Originally published here: http://blog.contactsunny.com/data-science/label-encoder-vs-one-hot-encoder-in-machine-learning

If you’re new to Machine Learning, you might get confused between these two — Label Encoder and One Hot Encoder. These two encoders are parts of the SciKit Learn library in Python, and they are used to convert categorical data, or text data, into numbers, which our predictive models can better understand. Today, let’s understand the difference between the two with a simple example.


Label Encoding

To begin with, you can find the SciKit Learn documentation for Label Encoder here. Now, let’s consider the following data:

Data from SuperDataScience

In this example, the first column is the country column, which is all text. As you might know by now, we can’t have text in our data if we’re going to run any kind of model on it. So before we can run a model, we need to make this data ready for the model.

And to convert this kind of categorical text data into model-understandable numerical data, we use the Label Encoder class. So all we have to do, to label encode the first column, is import the LabelEncoder class from the sklearn library, fit and transform the first column of the data, and then replace the existing text data with the new encoded data. Let’s have a look at the code.

from sklearn.preprocessing import LabelEncoder
labelencoder = LabelEncoder()
x[:, 0] = labelencoder.fit_transform(x[:, 0])

We’ve assumed that the data is in a variable called ‘x’. After running this piece of code, if you check the value of x, you’ll see that the three countries in the first column have been replaced by the numbers 0, 1, and 2.

That’s all label encoding is about. But depending on the data, label encoding introduces a new problem. For example, we have encoded a set of country names into numerical data. This is actually categorical data and there is no relation, of any kind, between the rows.

The problem here is, since there are different numbers in the same column, the model will misunderstand the data to be in some kind of order, 0 < 1 < 2. But this isn’t the case at all. To overcome this problem, we use One Hot Encoder.


One Hot Encoder

If you’re interested in checking out the documentation, you can find it here. Now, as we already discussed, depending on the data we have, we might run into situations where, after label encoding, we might confuse our model into thinking that a column has data with some kind of order or hierarchy, when we clearly don’t have it. To avoid this, we ‘OneHotEncode’ that column.

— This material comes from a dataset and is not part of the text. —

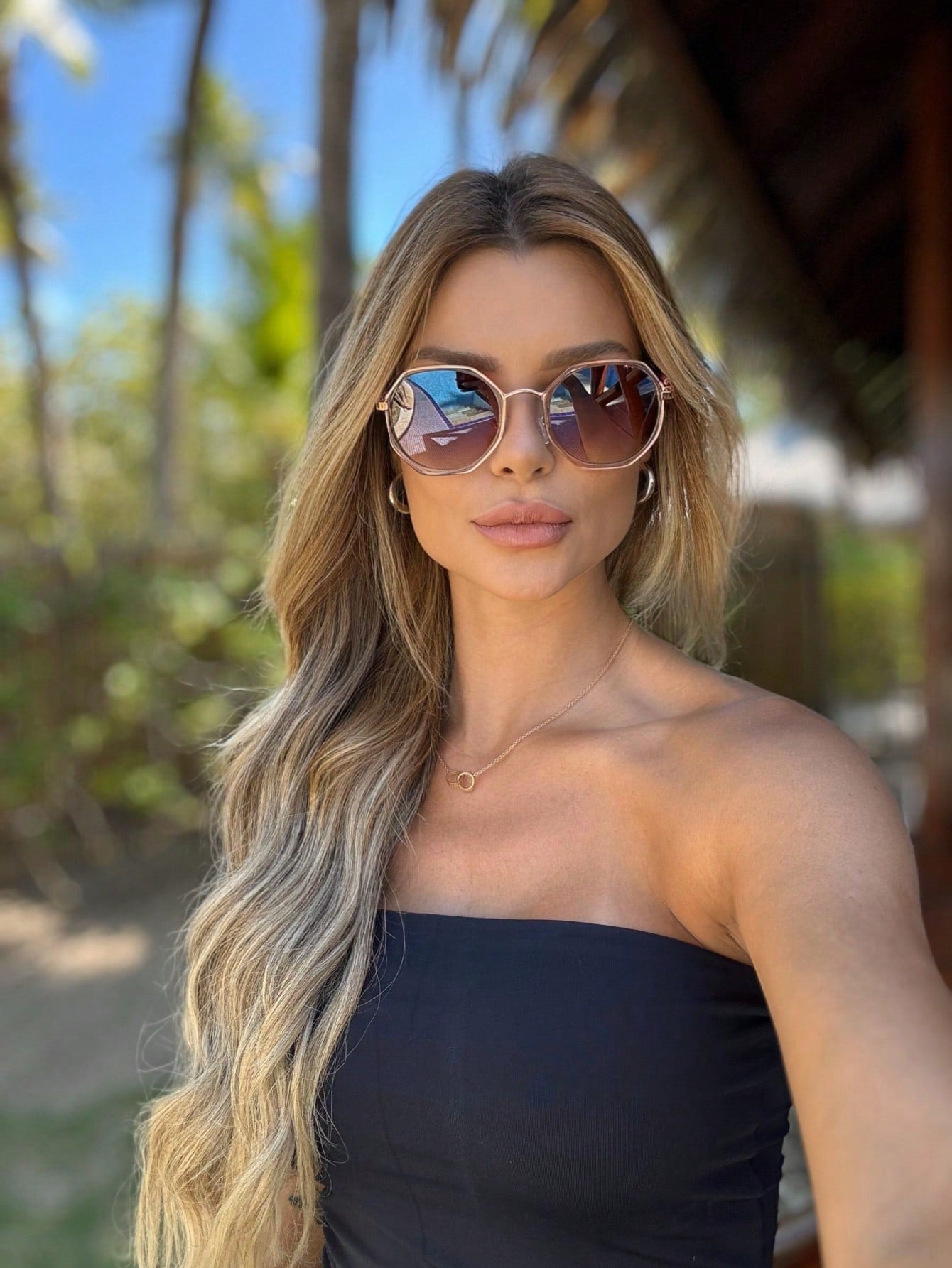 Óculos de Sol Feminino Vintage Octogonal – Proteção UV400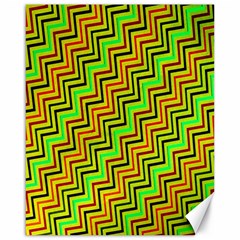 Green Red Brown Zig Zag Background Canvas 16  X 20   by BangZart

What one hot encoding does is, it takes a column which has categorical data, which has been label encoded, and then splits the column into multiple columns. The numbers are replaced by 1s and 0s, depending on which column has what value. In our example, we’ll get three new columns, one for each country — France, Germany, and Spain.

For rows which have the first column value as France, the ‘France’ column will have a ‘1’ and the other two columns will have ‘0’s. Similarly, for rows which have the first column value as Germany, the ‘Germany’ column will have a ‘1’ and the other two columns will have ‘0’s.

The Python code for one hot encoding is also pretty simple:

from sklearn.preprocessing import OneHotEncoder
onehotencoder = OneHotEncoder(categorical_features = [0])
x = onehotencoder.fit_transform(x).toarray()

As you can see in the constructor, we specify which column has to be one hot encoded, [0] in this case. Then we fit and transform the array ‘x’ with the onehotencoder object we just created. And that’s it, we now have three new columns in our dataset:

As you can see, we have three new columns with 1s and 0s, depending on the country that the rows represent.

So, that’s the difference between Label Encoding and One Hot Encoding.